It depends on how you want to validate it ...
Scenario 1: You want to prove the variant exists.
Here, your best bet is to do Sanger sequencing of that region. This will not prove to you that your pipeline is perfect, as LChart said, but it would be very very strong evidence that the variant exists. However, it tells you nothing about whether the variant does anything. Sanger sequencing is cheap and fast and easy. LChart already described additional in silico validation, above, so I will leave those out.
Scenario 2: You are pretty sure the variant exists, so you to provide evidence it has an effect.
First, you need to know what kind of effect you expect the variant to have. For example, a nonsense or frameshift mutation will truncate/alter the protein, therefore they almost always result in a loss of function. For missense variants, you can look at what the original amino acid was, what the new amino acid is, and where it is in the protein to infer what effect it may be having. There are also sophisticated in silico tools that will do this.
Once you know what type of variant you have (loss of function, gain of function, affects expression, etc.) you want to see if other variants of the same kind in the same gene produce a phenotype similar to what you are seeing, then seeing what kind of experiments they did to prove that.
The tools that you can use to do this depend on what the organism it is. If it is a human genome, you could use a well annotated database like Clinvar. If you think your variant is loss of function (LoF), and other LoF variants have been shown to produce a phenotype similar to the one you see, that kind of evidence is regarded as strong enough to be used by doctors to treat patients. In other words, while it's not infallible, it is regarded as fairly strongly confirmatory - and importantly its also FREE to do that.

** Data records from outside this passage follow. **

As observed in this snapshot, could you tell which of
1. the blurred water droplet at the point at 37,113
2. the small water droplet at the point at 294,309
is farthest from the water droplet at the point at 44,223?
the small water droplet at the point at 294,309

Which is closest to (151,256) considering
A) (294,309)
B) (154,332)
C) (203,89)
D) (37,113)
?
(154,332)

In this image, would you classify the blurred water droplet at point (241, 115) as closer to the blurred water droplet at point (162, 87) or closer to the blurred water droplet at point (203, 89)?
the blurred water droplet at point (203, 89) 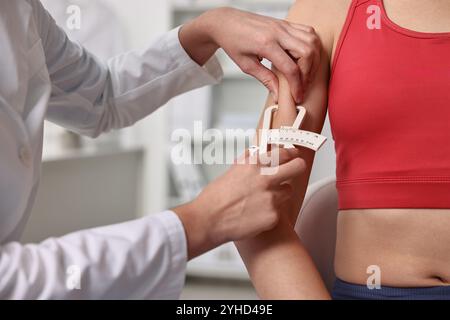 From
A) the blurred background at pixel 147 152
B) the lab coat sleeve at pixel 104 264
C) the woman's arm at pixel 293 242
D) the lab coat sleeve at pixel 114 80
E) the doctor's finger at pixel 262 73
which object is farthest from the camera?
the blurred background at pixel 147 152

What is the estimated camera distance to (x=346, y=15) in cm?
109

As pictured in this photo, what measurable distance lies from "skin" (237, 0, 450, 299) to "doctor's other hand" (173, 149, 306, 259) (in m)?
0.15

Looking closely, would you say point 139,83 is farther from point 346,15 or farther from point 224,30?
point 346,15

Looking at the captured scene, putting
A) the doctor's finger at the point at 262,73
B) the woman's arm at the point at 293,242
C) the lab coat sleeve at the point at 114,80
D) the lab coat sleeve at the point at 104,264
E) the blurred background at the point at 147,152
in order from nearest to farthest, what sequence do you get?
the lab coat sleeve at the point at 104,264, the woman's arm at the point at 293,242, the doctor's finger at the point at 262,73, the lab coat sleeve at the point at 114,80, the blurred background at the point at 147,152

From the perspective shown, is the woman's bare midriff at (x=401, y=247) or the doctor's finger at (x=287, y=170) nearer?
the doctor's finger at (x=287, y=170)

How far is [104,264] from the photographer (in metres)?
0.76

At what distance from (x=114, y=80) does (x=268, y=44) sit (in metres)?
0.40

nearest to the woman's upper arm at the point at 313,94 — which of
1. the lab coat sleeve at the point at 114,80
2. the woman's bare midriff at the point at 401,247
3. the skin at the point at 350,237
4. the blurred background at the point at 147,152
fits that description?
the skin at the point at 350,237

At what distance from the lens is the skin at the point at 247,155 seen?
0.78m

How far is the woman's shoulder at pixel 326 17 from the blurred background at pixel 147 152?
1.84 m

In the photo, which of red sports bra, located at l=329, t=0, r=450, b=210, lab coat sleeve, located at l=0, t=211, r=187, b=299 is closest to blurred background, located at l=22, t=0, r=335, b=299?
red sports bra, located at l=329, t=0, r=450, b=210

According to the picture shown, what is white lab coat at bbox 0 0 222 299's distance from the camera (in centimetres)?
74

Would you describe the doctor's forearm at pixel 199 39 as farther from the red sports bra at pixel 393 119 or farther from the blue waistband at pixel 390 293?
the blue waistband at pixel 390 293

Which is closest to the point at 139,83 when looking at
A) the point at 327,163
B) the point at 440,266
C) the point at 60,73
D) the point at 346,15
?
the point at 60,73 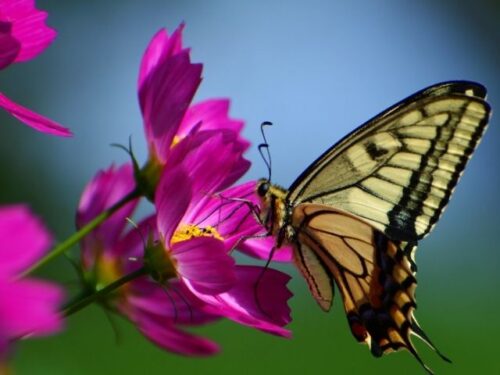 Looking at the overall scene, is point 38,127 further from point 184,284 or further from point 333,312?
point 333,312

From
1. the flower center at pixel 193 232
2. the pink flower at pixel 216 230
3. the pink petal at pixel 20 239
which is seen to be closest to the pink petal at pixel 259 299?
the pink flower at pixel 216 230

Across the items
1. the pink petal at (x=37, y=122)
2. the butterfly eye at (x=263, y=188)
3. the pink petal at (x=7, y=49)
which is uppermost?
the pink petal at (x=7, y=49)

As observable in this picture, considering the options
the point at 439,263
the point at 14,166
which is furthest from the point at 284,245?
the point at 14,166

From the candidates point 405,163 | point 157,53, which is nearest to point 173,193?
point 157,53

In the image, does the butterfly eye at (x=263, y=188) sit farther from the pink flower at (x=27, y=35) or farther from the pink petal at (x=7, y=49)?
the pink petal at (x=7, y=49)

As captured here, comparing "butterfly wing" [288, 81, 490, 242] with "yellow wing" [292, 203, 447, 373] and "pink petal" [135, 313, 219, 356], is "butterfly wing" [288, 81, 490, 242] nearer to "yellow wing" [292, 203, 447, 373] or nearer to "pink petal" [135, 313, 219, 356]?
"yellow wing" [292, 203, 447, 373]

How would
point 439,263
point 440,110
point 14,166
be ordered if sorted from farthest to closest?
point 14,166, point 439,263, point 440,110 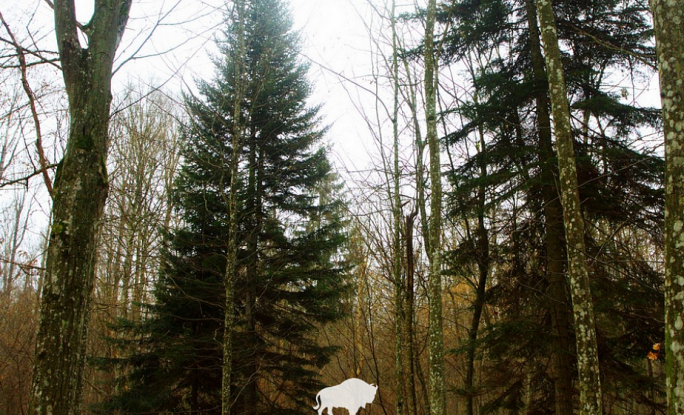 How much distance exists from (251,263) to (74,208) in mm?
6308

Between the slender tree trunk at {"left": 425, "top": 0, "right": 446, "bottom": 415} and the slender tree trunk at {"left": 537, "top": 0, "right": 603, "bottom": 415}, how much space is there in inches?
63.1

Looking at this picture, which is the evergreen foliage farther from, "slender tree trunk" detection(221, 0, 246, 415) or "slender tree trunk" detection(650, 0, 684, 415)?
"slender tree trunk" detection(221, 0, 246, 415)

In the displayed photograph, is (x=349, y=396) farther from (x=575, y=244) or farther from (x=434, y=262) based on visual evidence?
(x=575, y=244)

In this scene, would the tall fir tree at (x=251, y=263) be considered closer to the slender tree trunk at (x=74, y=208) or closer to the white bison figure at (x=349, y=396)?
the white bison figure at (x=349, y=396)

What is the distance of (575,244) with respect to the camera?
498 centimetres

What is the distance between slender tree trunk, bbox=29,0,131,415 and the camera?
304 cm

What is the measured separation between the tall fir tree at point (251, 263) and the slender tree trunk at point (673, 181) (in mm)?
7088

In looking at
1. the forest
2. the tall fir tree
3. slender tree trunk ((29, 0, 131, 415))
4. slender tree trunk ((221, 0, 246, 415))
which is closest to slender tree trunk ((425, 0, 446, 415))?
the forest

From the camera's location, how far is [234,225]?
7.53 m

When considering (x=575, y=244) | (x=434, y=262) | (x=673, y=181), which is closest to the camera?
(x=673, y=181)

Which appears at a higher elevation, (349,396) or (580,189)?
(580,189)

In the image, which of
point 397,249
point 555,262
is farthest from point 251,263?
point 555,262

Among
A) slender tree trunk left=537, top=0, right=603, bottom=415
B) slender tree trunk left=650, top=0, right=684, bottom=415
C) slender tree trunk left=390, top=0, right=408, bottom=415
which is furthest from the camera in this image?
slender tree trunk left=390, top=0, right=408, bottom=415

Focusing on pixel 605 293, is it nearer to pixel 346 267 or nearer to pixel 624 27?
pixel 624 27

If its an organism about which not as much is known, you can still take a related approach. For instance, suppose the gene has high identity with a well known gene in humans, mice, drosophila, c elegans, etc. If similar "types of" variants in other species do something similar, it doesn't prove anything, but it is a good place to start to see if you want to spend time and/or money doing more work.
Scenario 3: You want to first confirm the variant exists, then prove it has an effect.
Essentially, for this, you follow the steps for scenario 1 and 2, then you design custom functional assays to show it sounds like you don't need to do the proving part, so I'll leave that out.
Thank you so much for your suggestion, and sorry for the late response. I had planned on carrying your first suggestion, but the person with the data I wanted to use is currently on a journey and not currently reachable—at least till next week.
Regarding the questions you posed in the second paragraph, yes, the genes are part of established pathways relevant to the trait. The genes are orthologs of well-annotated genes in drosophila (the organism I am dealing with is a fly) with the same phenotype. Only one was found from the differential expression analysis.